Prior to the Statehood the first signed highways within Hawaii Territory came into existence during World War II.   During World War II the territory of Hawaii saw an influx of military activity following the attack on Pearl Harbor on December 7th, 1941.  Numerous Military Routes and early Hawaii Routes were signed through the Hawaiian Territory to aid military personnel in navigating the islands.  Military Highways were assigned US Route style shields whereas lesser highways were assigned an early variation of what is now the Hawaii Route Spade.  

A 1946 Army Map of the Island of O'ahu shows the future corridor of Hawaii Route 66 on Puuloa Road as Hawaii Route 105.  A full version of the 1946 Army Map of O'ahu can be seen on hawaiihighways.com here


Circa 1955 following the conclusion of World War II the United States Bureau of Public Roads renumbered the Hawaii Route System.  The 1955 Hawaii Route Renumbering saw most of the conventions utilized by the current Hawaii State Route System established.  Primary Hawaii Routes were given two-digit numbers whereas Secondary Hawaii Routes were given three-digit numbers.  The Hawaii Routes were assigned in sequence for what Island/County they were located on coupled with what Federal Aid Program number they were tied to.  In the case of Puuloa Road it was not assigned one of the initial post-1955 Hawaii Route numbers.  

Puuloa Road and Lagoon Drive can be seen on the 1959 Gousha Highway Map of Hawaii without a Hawaii Route number.  Lagoon Drive is noted as being the access road for the Naval Seaplane Terminal at Honolulu International Airport  



According to hawaiihighways.com Hawaii Route 62 first appears on the 1962 State Highway Map along Puuloa Road and Lagoon Drive.  Hawaii Route 62 is seen on the 1969 and 1970 State Highway Maps of Hawaii.  Hawaii Route 66 is noted in 1960s era planning documents to be planned to for deletion from Federal Aid System and not transferred to the Honolulu County Route System (which occurred during 1969.  
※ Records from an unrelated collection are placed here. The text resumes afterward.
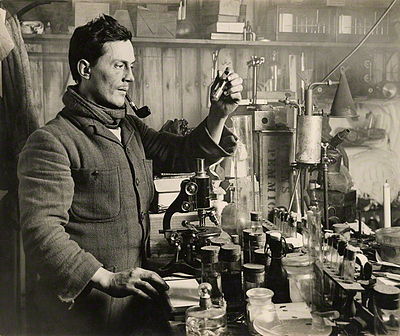 Photo of a man with a pipe in his mouth standing at a table with a microscope and numerous specimen vials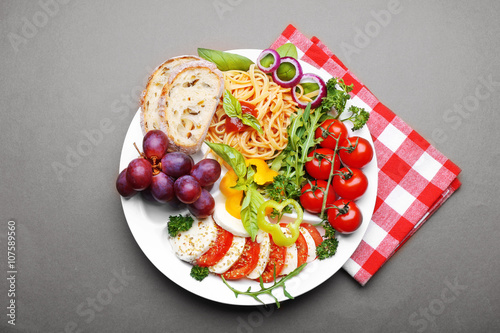 Traditional Italian lunch on brown background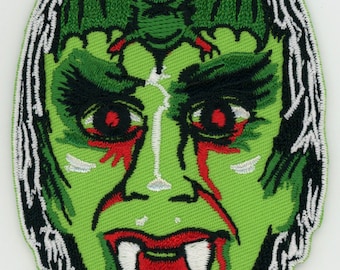 Puede incluir: Parche bordado verde de la cara de un monstruo con colmillos y sangre goteando. Un murciélago verde con ojos rojos está posado en la frente del monstruo.
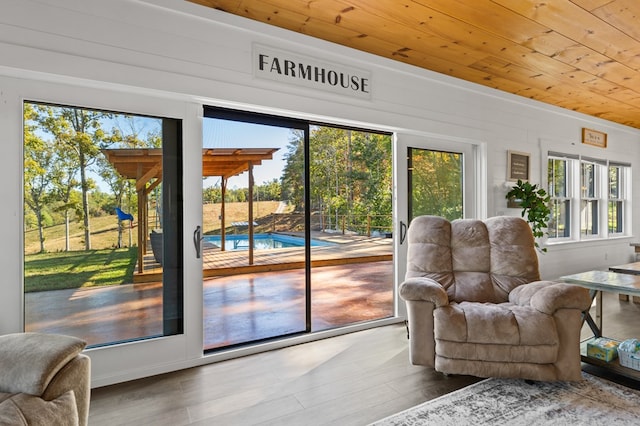 doorway to outside with hardwood / wood-style floors and wood ceiling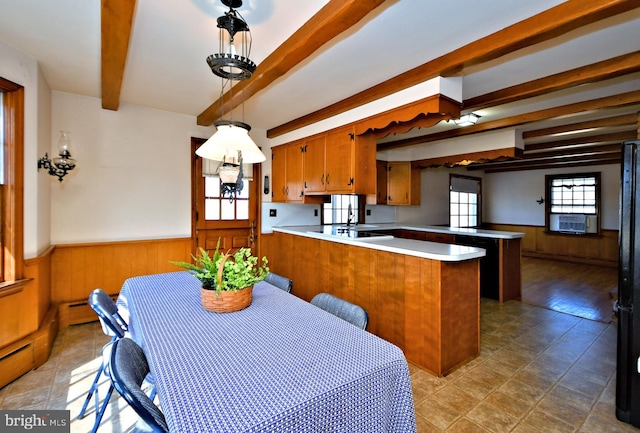 kitchen featuring a wainscoted wall, wood walls, beam ceiling, a peninsula, and brown cabinetry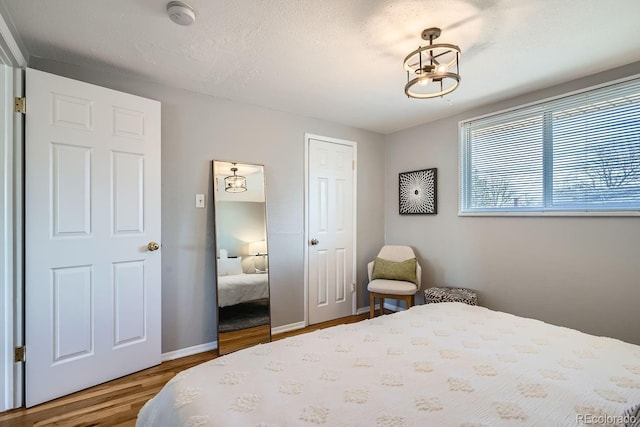 bedroom with wood finished floors, baseboards, a closet, and a textured ceiling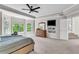 Spacious main bedroom boasts natural light, ceiling fan and built-in shelving at 5303 Davenport Mnr, Cumming, GA 30041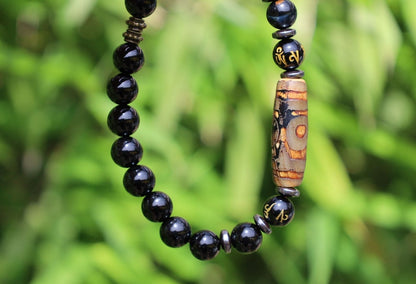 Three-eye dZi bead with black onyx beads and With Agate Om mani padme hum beads. jewel in the lotus.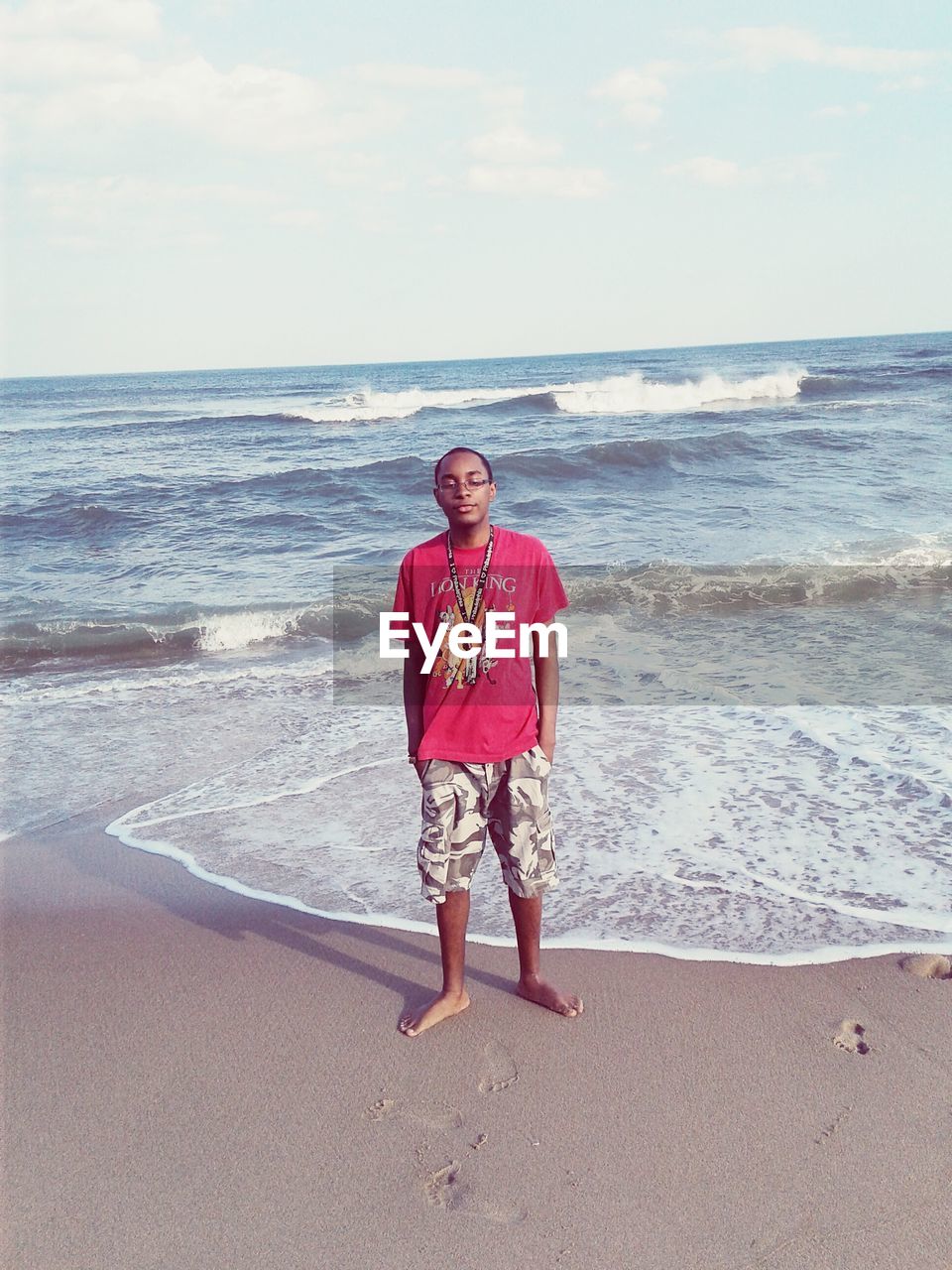 PORTRAIT OF MAN STANDING ON BEACH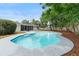 Enjoy this backyard pool with screened in porch and mature landscaping at 4858 Brenda Dr, Orlando, FL 32812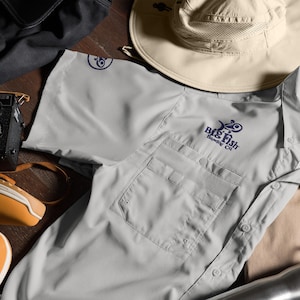 May include: A gray short-sleeved button-down shirt with a pocket on the left side. The shirt has a navy blue embroidered logo that says "Big Fish Brewing Co."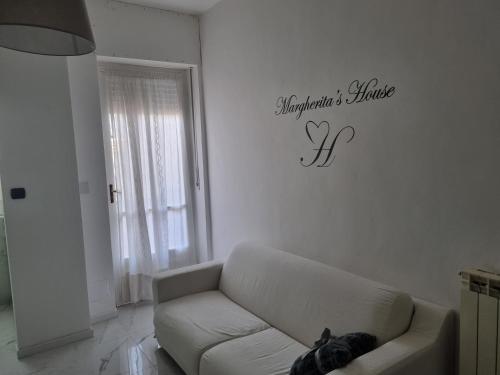 a living room with a couch and a sign on the wall at Margherita's House in Turin
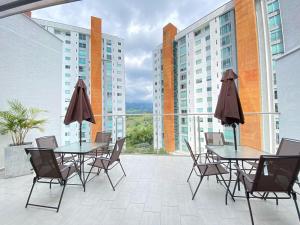 a patio with tables and chairs and a view of buildings at Belmonte 316-Apartamento luxury con pisicina en Av centenario in Armenia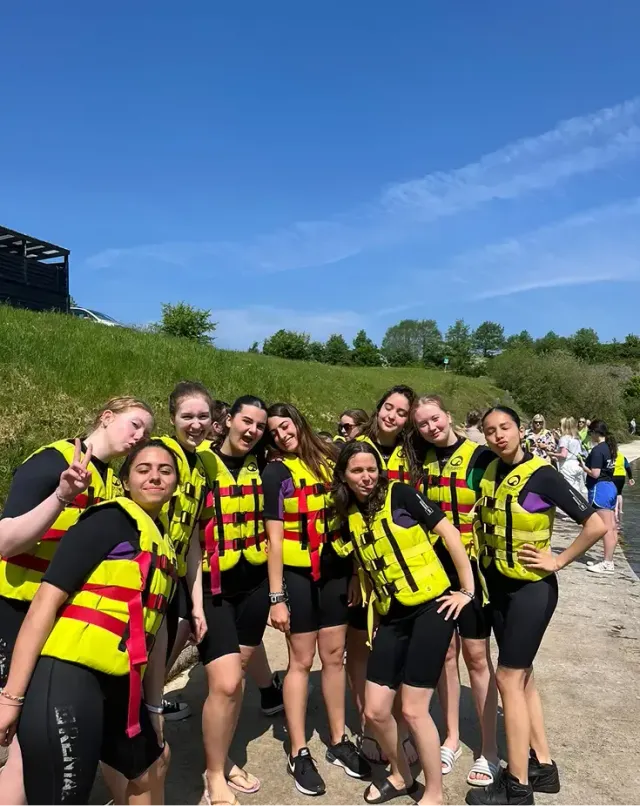 Gruppo di ragazze in giubbotti di salvataggio gialli su una spiaggia prima di un'attività acquatica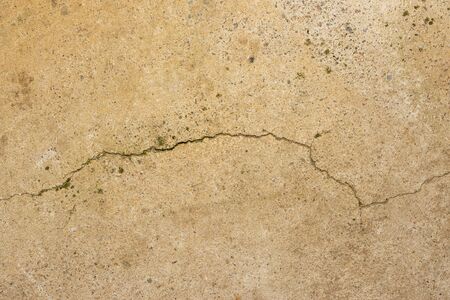 background texture old stucco wall with cracks. Close-up a macro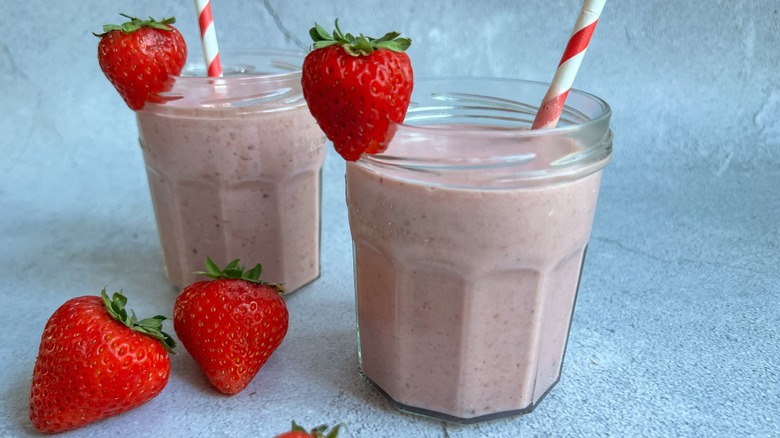 strawberry smoothie in glass jar with straw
Notably Hawaii Route 66 is shown only aligned on Puuloa Road on the 1968 USGS Map of Honolulu.


It is unclear when Hawaii Route 66 on Puuloa Road was reassigned as Hawaii Route 7310 but the former designation doesn't appear on Puuloa Road on the 1981 USGS Map of Honolulu.


Part 2; a drive on Hawaii Route 7310

As noted above a Hawaii Route 66 shield can be found on westbound Hawaii Route 92/Nimitz Highway as it approaches the Lagoon Drive/Puuloa Road junction.  The current field signage implies that Hawaii Route 66 exists in both directions whereas the reality is that Hawaii Route 7310 only exists via Puuloa Road northbound. 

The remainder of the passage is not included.